Kiplagat says while farmers have joined into groups to raise the required quantities, it is difficult to ensure all farmers collect their produce carefully to meet the quality standard of WFP. “Many farmers are used to drying their produce on the soil, rocks or sides of the tamarc road. We find that farmers who are not sure they can meet the condition of at least collecting their produce on tapelines for proper storage before it is transported to the warehouse, opt out of the farmers groups,” Kiplagat says.
Farmers are also required to collect their food produce and take it to the group’s temporally store, which is difficult for most farmers with no means or money in villages where poor roads compound the transport problem. Moreover, a farmer must own or hire a maize shelling machine to be able to remove the maize produce from the cobs before transporting the produce to the store.
Long Distances to wares houses where WFP buys from
Simuntu Farmers Group managed to procure a truck which collects maize from the group members, keeps it at their store in Mbulamuti, before taking it in bulk to the Agro Ways Warehouse in Jinja which is licensed by UCE to clean, process and keep farmers’ produce as farmers await to sell to the best buyer. The warehouse is 40 kilometers from Kamuli. According to Rwego, there are only four operational warehouses (in Jinja, Masindi, Mbarara and Kasese), although he says another 10 will be opened up in 2010.
For now, even Kiplagat’s group and other farmers in Kapchorwa are expected to bring their produce more than 100 kilometers to the Agro Ways warehouse in Jinja. Since it is the only warehouse in eastern Uganda and farmers harvest at the same time, farmers are forced to wait for hours or days to get their food produce dried and bagged, before they are given a warehouse receipt. Such a situation is discouraging for farmers who are used to having their food produce bought from their homes.
But more than the waiting is the issue of costs to dry and store the produce. Kakuba says each farmer has to pay 40 shillings per kilogram for drying at the warehouse. It is this payment that many farmers interviewed see as a key challenge in benefiting from Purchase for Progress project. “The fee at the warehouse has to be paid immediately, but many farmers look to only their farm produce for money. To be told to spend more money on your produce before you sell is a challenge to many farmers,” Kakuba says.
After all this process, some farmers say they find that WFP is offering them a price lower than the current market price. “Last season for example (early 2009), traders from Sudan were offering 900 shillings per kilo yet WFP was buying at 740 shillings. Moreover, the traders from Sudan were buying the maize as it is and you don’t need to fulfill all those conditionalities of quality by WFP,” says Rogers Nsubuga of Unity Cereal farmers based in Masaka.

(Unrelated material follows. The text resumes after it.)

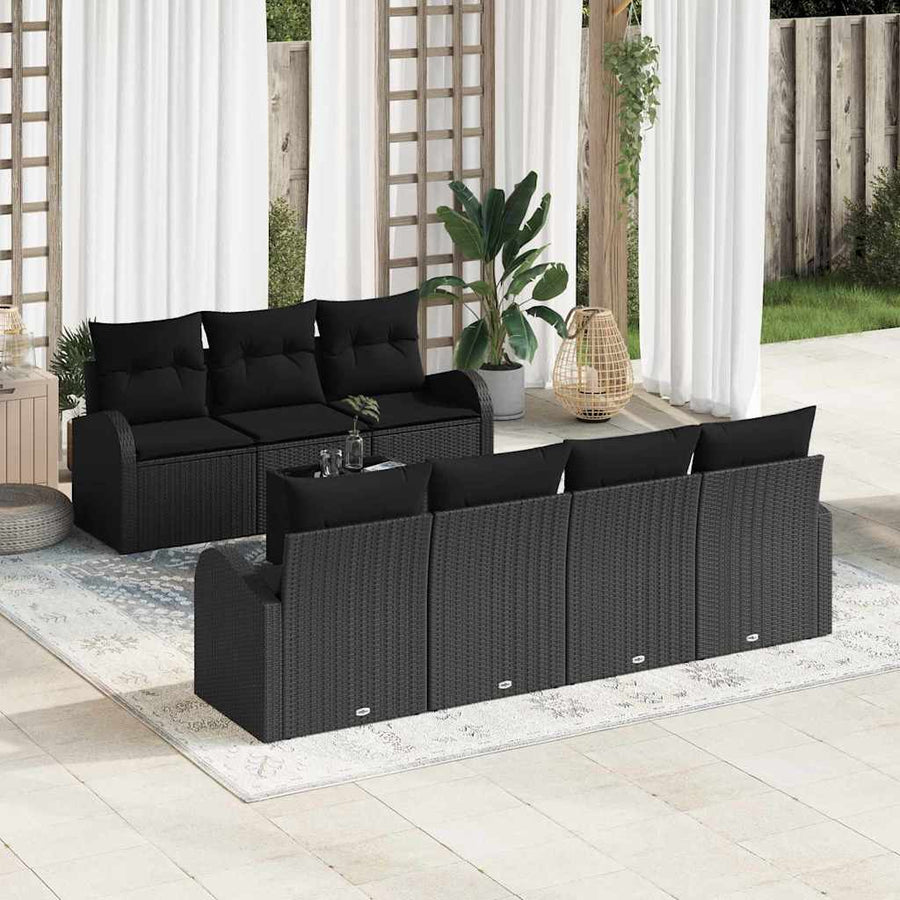 Tuin Sofa Set met kussen 8 pcs Zwart Poly rattan, staal en glas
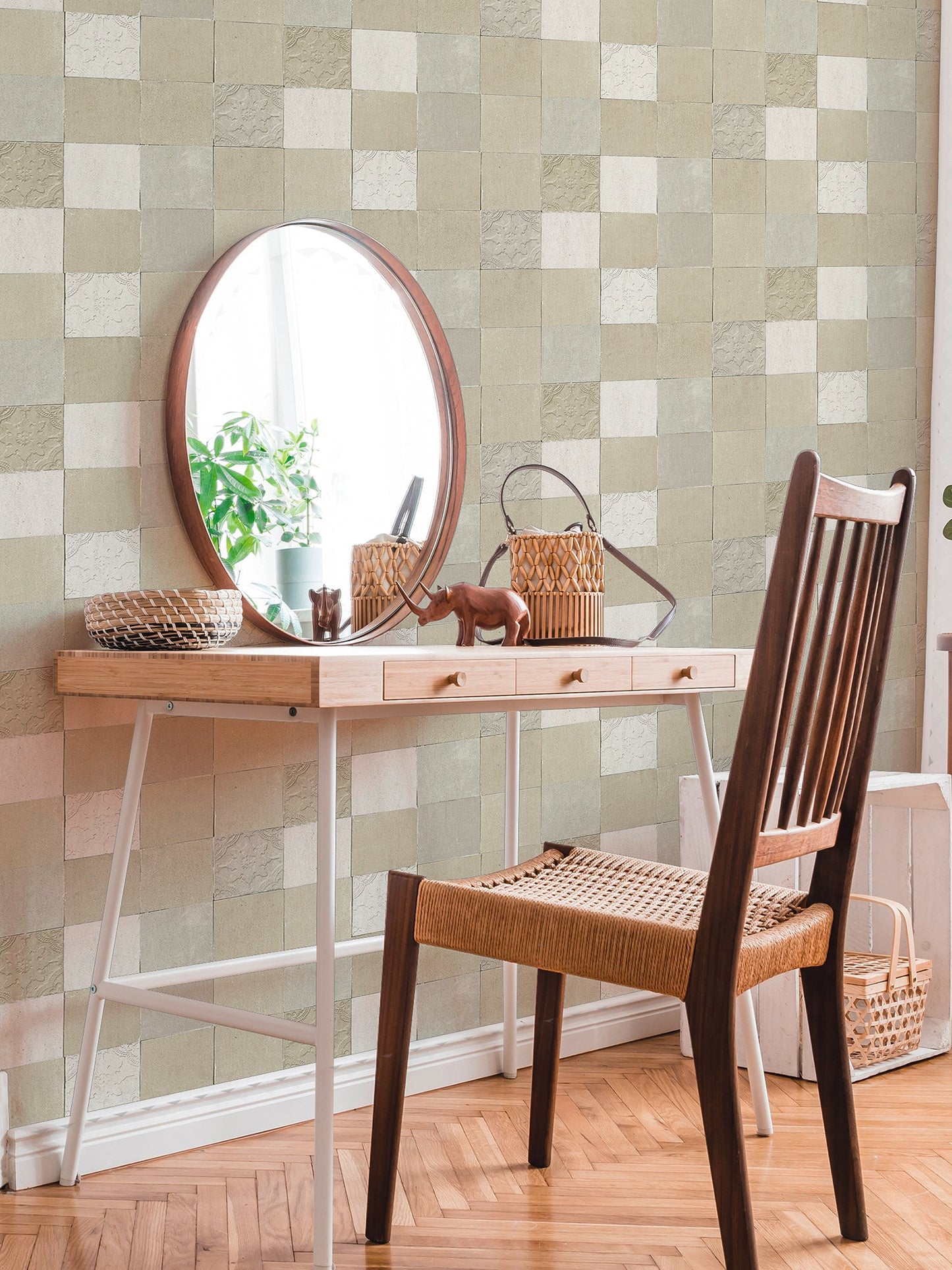 Livingwalls New Walls Finca Home Vinyl-Vliestapete Creme Grau 10,05 m x 0,53 m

“When you look at the inputs that are required to produce what WFP needs, as compared to the price WFP is giving, sometimes you find a discrepancy that constrains the farmers,” says another farmer Charles Bamwite of Kamuli. Some farmers interviewed said they lack the money to buy improved seeds, fertilizers and the land that would enable them generate substantial food produce.
Nsubuga says that many farmers don’t have big parcels of land required to produce the big amounts that WFP wants farmers to supply. “In our place, small farmers do not own land. They operate on small parcels on land owned by landlords, and since land is limited, it is expensive to buy land from landlords,” Nsubuga says.
Certain contracts, timely pay important to farmers
Also, the fact that WFP does not buy any produce until it is in the warehouse, and no farmer is sure of being selected makes many farmers desist from supplying to WFP. Many of the farmers interviewed expressed need for WFP to give them forward contracts- so that they are sure the food they are growing will be bought by WFP. Right now, WFP gives tenders to farmers who have their food in the warehouse, but these farmers have to bid among themselves (groups) to offer the lowest price for the best quality.
“We pray that WFP can give us contracts on planting so we are more sure as we invest in farming. WFP can pay when they take our produce, but we as farmers want to grow when we are sure,” Kakuba says.
Lydia Wamala, WFP Spokesperson in Uganda says “in the coming few months” WFP will introduce forward contracting for small holder farmer groups as a means to guarantee them a market.
“Farmers will be able to enter into a contract with WFP before, during planting or at post-harvest time. We hope that this approach will encourage farmers to grow more food and also access agricultural credit from financial institutions, with whom we are in discussion with in this regard. Financial institutions in Uganda are getting more interested now than never before, to extend agricultural credit to farmers, on condition that there is a guaranteed market for the product. WFP being one of the largest buyers of grain in this country, provides this confidence,” Wamala says.